A+++, very nearly as good as side one but nothing short of killer in its own right. Fully extended in both directions, with an incredibly big, spacious soundfield. The bass and drums are Right On The Money, and the vocals are super present and breathy.

What to Listen For

Balance is key. The best copies of Pepper manage to combine Tubey Magical richness and fullness with transparency and clarity.

If you have multiple copies to compare, next on the list would be bass weight, top end extension, and of course the overall energy of the copy being played. You will have a very hard time finding two copies of Pepper that sound alike in all these areas.

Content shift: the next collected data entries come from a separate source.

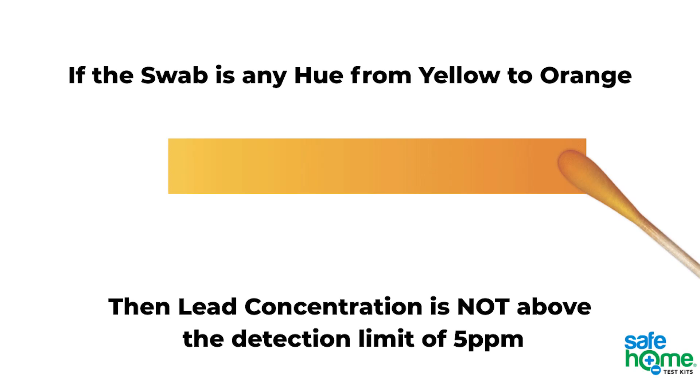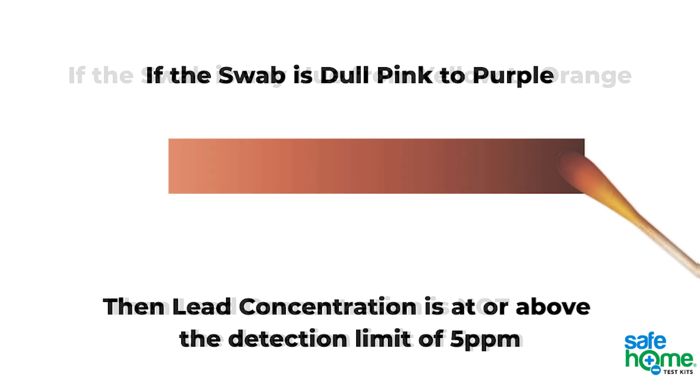Now observe the color of the swab. If it stays yellow to orange, then lead is not present above the detection limit of 5 parts per million. If it changes color to pink, maroon, or purple, then lead is present at or above the detection limit.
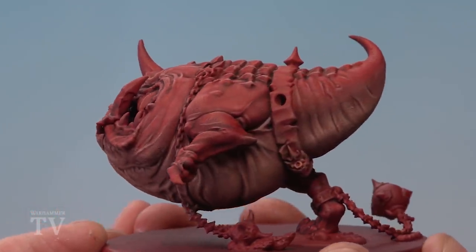And with that highlight applied, the flesh on this Mangler Squig is complete. I hope that's been of use to you Gloomspite Gitz players out there, and we'll see you all again very soon.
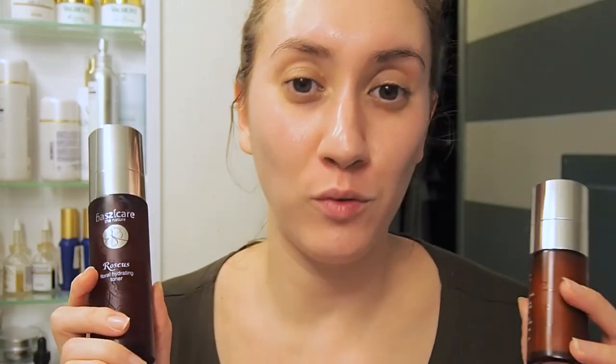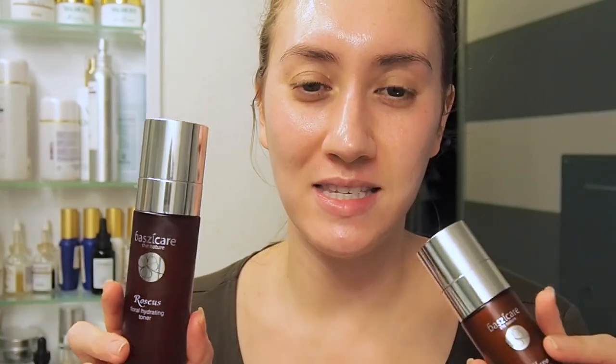One thing I noticed about this brand is that I'm pretty sure they're manufactured here in California, which is good because it's very dry here. They probably have a pretty good idea of what will keep someone's skin in this climate from getting dehydrated. I'm pretty impressed so far! Thank you guys for watching my first impressions of Basic Care of the Nature skincare. I'll be giving you my full review after using these products for about three to four weeks — hope you guys stick around for that video! See you, thanks for watching, bye!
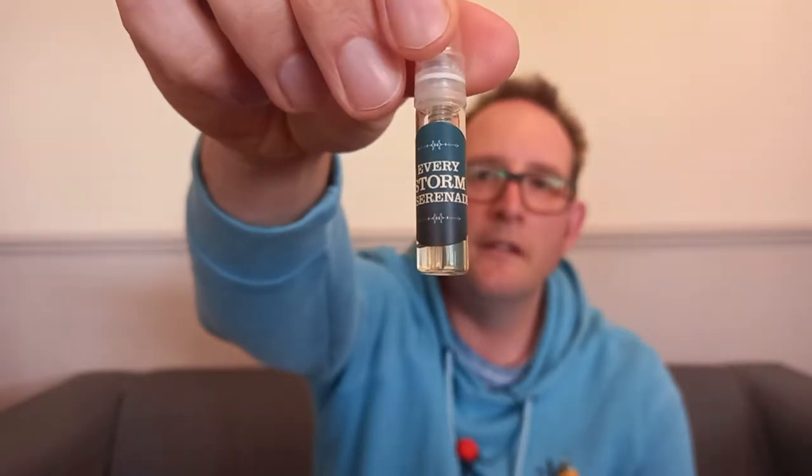We've got Every Storm a Serenade. Absolutely no idea what they're going to smell like — I'll put it on a test strip to start off with. Nice, I like it. It's a good one. Every Storm a Serenade — it's very woody, quite green. Bit of brininess, salty, slightly marine, seaweedy. Very pleasant. It does remind me a little bit of the Aqua di Parma type thing — very clean, very fresh. I think a good probably spring/summer scent. Good start, I like that one.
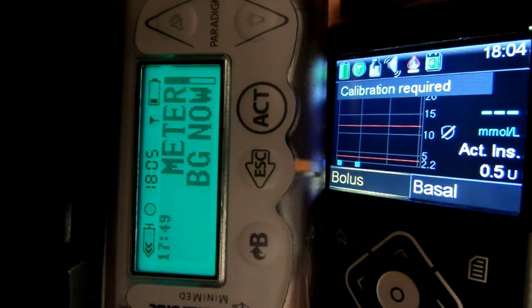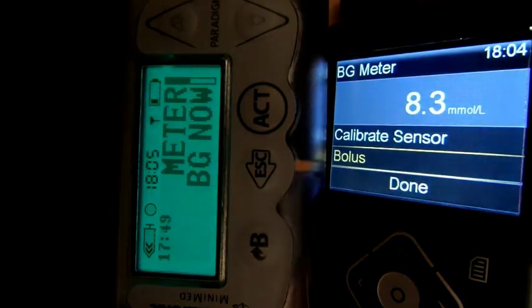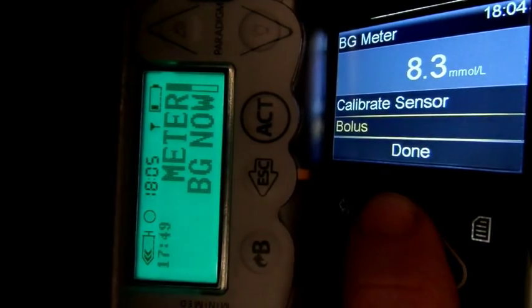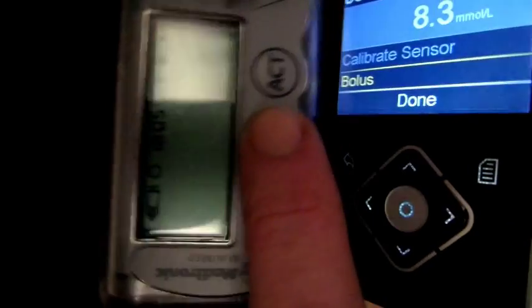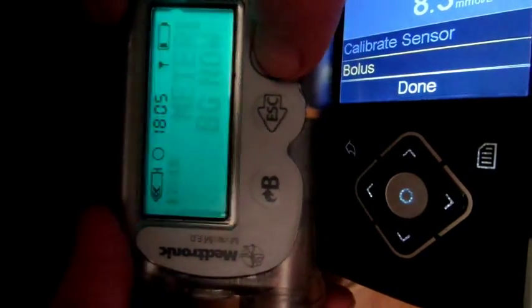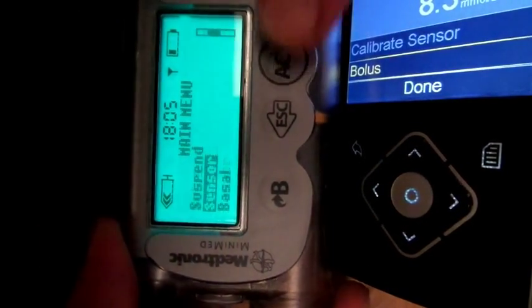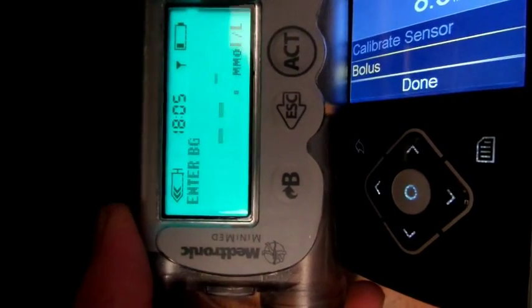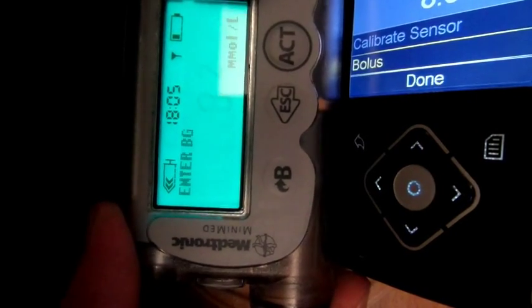Calibration required. You can see 'meter BG now' on the Veo and the calibration required there. Just done my BG — it's 8.3. That's been sent through. So let's go up and calibrate the sensor. So that's calibrated. Perfect. And then I shall start the Veo off on the same one, so they're both starting on the same footing so we can see how they both go on the tracking. Sensor calibrate 8.3. Up and running.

The Greatest Rock Record Ever Made?

I have the original CD for Sgt. Pepper in my car (which is not very good by the way), and having played it dozens of times over the last few years I am more and more impressed by the music it contains with each play. A more original group of songs simply could not be found in 1967 (the world would have to wait until the White Album came out for an even more original batch), individually brilliant and unique. I never really appreciated this album back in the day, but repeated listenings has shown me the error of my ways. There’s a reason it regularly gets voted the greatest rock album of all time.

Early Pressings

We had the opportunity not long ago to audition a very clean original early pressing of the album and were frankly quite taken aback by how just plain AWFUL it was in every respect. No top end above 8k or so, flabby bass, muddy mids — this was as far from Hot Stamper sound as you could get.

To be fair, we have played exactly one copy on our current system. (Played an early copy or two long ago but on much different equipment, so any judgments we might have made are highly suspect.) Perhaps there are good ones. We have no way of knowing whether there are, and we are certainly not motivated to find out given the price that original Sgt. Pepper’s are fetching these days.

We can tell you this much: no original British pressing of any Beatles album up through Pepper has ever impressed us sonically like these sides did.

We’ve played plenty and have yet to hear one that’s not

  • congested,
  • crude,
  • distorted,
  • bandwidth-limited and
  • full of tube smear.

(The monos suffer from all of these problems and more of course, which is only natural; they’re both made with the Old School cutting equipment of the day.)

If that’s your sound more power to you. It’s definitely not ours. The hotter the stamper, the less congested, crude, distorted, bandwidth-limited and smeary it will be.

Try the CD

If you happen to own an early pressing you like, you really owe it to yourself to hear just how good a Hot Stamper pressing can sound.

If you don’t want to spend that kind of money, perhaps a listen to the new CD would be in order. I will go out on a limb and predict that the new CD is significantly better sounding in most ways than any original pressing you may own, and it’s about $15.

(We would encourage those who find Heavy Vinyl pressings to their liking to do the same. I think the average Sundazed record probably sounds worse than a CD of the same title. We know some of them clearly do; we’ve had the misfortune to play them.)

Side One

Sgt. Pepper’s Lonely Hearts Club Band
With a Little Help from My Friends
Lucy in the Sky With Diamonds 
Getting Better
Fixing a Hole
She’s Leaving Home
Being for the Benefit of Mr. Kite

Side Two

Within You, Without You
When I’m Sixty-Four
Lovely Rita 
Good Morning, Good Morning
Sgt. Pepper’s Lonely Hearts Club Band
A Day in the Life

AMG Review

With Revolver, the Beatles made the Great Leap Forward, reaching a previously unheard-of level of sophistication and fearless experimentation. Sgt. Pepper, in many ways, refines that breakthrough, as the Beatles consciously synthesized such disparate influences as psychedelia, art-song, classical music, rock & roll, and music hall, often in the course of one song. Not once does the diversity seem forced — the genius of the record is how the vaudevillian ‘When I’m 64’ seems like a logical extension of ‘Within You Without You’ and how it provides a gateway to the chiming guitars of ‘Lovely Rita.’ It’s possible to argue that there are better Beatles albums, yet no album is as historically important as this.